Look below for the line containing "Apartament cu 2" and the line containing "Court Plaza Inn & Suites"; repeat exactly those two lines and all lines between them, and nothing else.

BEGIN Data listing

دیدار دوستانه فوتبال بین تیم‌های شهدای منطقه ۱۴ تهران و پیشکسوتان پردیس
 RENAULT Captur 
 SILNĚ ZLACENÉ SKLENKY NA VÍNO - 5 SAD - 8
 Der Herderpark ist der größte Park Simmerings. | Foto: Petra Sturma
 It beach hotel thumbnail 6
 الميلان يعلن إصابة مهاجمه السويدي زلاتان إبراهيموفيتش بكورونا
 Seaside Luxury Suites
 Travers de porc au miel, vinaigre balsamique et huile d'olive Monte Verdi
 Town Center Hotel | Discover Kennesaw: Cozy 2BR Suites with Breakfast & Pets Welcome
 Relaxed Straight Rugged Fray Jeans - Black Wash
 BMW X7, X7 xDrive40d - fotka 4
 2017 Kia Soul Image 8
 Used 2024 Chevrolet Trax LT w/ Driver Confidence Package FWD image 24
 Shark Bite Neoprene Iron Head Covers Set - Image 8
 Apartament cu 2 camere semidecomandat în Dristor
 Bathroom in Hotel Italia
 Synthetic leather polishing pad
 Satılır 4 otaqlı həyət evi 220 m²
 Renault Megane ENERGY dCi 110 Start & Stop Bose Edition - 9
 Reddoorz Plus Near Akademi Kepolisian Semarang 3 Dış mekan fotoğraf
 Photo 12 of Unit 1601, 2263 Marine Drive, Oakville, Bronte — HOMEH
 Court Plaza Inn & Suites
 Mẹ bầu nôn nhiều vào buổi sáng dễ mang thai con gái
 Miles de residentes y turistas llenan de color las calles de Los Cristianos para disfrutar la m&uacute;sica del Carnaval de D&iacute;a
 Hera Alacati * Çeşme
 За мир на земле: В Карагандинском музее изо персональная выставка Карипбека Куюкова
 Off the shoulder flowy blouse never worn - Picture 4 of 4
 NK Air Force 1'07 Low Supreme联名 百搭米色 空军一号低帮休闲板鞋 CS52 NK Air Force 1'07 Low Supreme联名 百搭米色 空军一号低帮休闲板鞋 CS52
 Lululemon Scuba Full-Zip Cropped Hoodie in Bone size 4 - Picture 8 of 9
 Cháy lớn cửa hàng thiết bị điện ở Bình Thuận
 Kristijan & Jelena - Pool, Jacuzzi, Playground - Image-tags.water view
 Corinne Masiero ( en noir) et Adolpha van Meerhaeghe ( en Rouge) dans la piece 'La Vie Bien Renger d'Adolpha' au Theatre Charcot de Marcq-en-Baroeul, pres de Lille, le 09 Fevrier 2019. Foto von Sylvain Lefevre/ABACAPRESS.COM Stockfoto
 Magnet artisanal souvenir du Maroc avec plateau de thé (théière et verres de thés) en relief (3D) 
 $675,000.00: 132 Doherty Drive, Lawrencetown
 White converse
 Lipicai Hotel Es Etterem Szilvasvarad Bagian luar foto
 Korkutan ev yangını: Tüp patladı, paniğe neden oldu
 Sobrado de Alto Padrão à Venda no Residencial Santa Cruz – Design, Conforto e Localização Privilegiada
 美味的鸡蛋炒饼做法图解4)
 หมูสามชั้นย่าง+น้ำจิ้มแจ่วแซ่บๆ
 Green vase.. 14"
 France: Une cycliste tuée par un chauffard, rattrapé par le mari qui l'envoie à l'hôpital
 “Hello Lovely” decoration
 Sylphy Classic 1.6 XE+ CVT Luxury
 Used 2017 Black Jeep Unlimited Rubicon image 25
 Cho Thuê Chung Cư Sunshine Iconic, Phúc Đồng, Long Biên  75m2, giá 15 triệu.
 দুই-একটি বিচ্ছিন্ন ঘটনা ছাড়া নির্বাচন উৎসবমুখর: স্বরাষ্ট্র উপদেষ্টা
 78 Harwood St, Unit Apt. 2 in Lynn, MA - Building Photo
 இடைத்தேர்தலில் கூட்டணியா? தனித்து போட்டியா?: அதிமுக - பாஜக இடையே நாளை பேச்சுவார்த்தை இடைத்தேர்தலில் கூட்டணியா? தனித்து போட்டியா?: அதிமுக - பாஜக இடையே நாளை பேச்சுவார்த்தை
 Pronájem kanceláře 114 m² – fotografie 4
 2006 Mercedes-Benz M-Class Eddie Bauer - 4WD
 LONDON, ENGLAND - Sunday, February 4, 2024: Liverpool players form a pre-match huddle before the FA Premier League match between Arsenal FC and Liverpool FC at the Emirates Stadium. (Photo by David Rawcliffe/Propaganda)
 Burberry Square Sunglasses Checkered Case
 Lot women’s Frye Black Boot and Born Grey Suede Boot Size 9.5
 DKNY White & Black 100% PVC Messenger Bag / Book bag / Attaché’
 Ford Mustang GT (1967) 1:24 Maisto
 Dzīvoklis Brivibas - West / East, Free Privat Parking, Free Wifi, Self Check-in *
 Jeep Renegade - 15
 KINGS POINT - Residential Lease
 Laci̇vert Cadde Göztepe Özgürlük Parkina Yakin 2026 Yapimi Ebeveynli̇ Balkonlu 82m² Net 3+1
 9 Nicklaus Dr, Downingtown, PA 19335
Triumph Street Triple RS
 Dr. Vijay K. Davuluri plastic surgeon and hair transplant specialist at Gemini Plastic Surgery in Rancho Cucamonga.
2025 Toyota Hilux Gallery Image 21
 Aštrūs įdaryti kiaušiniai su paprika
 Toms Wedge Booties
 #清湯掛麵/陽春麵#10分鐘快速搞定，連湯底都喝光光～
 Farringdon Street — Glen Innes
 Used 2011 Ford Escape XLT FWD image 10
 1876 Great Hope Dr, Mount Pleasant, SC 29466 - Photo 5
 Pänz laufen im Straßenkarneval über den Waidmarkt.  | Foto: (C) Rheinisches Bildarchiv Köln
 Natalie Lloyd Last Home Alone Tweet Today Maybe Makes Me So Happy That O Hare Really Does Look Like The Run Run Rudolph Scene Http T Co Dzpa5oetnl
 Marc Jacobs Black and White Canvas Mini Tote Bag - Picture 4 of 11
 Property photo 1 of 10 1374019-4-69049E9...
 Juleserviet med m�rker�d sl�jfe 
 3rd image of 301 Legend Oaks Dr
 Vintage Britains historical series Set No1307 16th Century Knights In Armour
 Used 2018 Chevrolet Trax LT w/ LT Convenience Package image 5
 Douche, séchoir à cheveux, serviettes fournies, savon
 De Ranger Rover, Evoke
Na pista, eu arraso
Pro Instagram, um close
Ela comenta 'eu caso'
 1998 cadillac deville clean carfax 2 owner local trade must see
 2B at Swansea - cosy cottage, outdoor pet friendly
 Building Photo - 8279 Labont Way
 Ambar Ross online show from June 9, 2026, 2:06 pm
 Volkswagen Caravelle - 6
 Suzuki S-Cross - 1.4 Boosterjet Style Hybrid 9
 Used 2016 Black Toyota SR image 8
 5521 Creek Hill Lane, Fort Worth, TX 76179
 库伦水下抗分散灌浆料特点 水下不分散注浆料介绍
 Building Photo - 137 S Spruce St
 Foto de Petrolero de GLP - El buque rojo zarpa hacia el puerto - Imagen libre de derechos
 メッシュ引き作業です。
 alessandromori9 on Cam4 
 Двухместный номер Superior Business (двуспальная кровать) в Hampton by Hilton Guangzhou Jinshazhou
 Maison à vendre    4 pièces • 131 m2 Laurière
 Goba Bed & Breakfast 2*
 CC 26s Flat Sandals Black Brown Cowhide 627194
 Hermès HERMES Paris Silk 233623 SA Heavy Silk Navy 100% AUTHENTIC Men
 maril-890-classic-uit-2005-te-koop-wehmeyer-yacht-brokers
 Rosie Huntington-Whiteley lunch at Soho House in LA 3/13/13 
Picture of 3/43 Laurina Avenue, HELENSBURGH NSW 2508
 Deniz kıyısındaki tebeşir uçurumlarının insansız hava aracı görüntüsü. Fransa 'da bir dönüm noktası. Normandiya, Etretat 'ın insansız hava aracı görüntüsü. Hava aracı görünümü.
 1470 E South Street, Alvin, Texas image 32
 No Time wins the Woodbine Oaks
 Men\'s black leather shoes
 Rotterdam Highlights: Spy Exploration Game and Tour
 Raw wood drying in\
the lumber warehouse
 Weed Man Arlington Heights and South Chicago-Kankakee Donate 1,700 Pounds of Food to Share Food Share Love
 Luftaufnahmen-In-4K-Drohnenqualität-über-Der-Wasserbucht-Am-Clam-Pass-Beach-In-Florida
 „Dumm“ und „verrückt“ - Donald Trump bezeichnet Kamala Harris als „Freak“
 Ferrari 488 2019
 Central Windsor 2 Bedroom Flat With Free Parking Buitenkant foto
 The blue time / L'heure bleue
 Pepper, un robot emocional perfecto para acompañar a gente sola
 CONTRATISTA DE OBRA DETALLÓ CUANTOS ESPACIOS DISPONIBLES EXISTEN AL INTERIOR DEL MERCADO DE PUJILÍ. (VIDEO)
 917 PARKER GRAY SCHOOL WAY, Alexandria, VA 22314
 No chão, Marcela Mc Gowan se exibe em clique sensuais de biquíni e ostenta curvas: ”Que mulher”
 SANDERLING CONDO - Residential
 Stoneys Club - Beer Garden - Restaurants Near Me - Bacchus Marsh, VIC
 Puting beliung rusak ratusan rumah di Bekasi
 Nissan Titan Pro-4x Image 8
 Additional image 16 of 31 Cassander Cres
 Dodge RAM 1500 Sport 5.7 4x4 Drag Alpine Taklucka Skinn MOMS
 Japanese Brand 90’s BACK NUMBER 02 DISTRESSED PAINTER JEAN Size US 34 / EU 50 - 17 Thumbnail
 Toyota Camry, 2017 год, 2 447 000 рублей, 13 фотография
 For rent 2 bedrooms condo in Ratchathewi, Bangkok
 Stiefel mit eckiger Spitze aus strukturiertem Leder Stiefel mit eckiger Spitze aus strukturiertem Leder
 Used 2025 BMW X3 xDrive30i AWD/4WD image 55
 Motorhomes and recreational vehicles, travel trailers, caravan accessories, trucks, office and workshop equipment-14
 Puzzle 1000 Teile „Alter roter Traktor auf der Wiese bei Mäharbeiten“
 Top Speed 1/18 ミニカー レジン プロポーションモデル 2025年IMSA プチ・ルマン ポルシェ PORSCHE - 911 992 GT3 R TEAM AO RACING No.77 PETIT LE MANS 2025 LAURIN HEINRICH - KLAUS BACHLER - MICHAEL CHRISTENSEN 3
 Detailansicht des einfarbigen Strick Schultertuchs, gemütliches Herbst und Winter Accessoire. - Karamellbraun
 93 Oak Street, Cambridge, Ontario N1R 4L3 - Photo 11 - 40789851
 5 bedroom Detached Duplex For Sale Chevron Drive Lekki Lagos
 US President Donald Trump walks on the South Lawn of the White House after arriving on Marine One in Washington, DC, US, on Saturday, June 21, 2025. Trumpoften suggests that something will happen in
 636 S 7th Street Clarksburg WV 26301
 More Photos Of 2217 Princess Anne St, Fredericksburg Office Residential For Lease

END Data listing

Result of this task:
 Apartament cu 2 camere semidecomandat în Dristor
 Bathroom in Hotel Italia
 Synthetic leather polishing pad
 Satılır 4 otaqlı həyət evi 220 m²
 Renault Megane ENERGY dCi 110 Start & Stop Bose Edition - 9
 Reddoorz Plus Near Akademi Kepolisian Semarang 3 Dış mekan fotoğraf
 Photo 12 of Unit 1601, 2263 Marine Drive, Oakville, Bronte — HOMEH
 Court Plaza Inn & Suites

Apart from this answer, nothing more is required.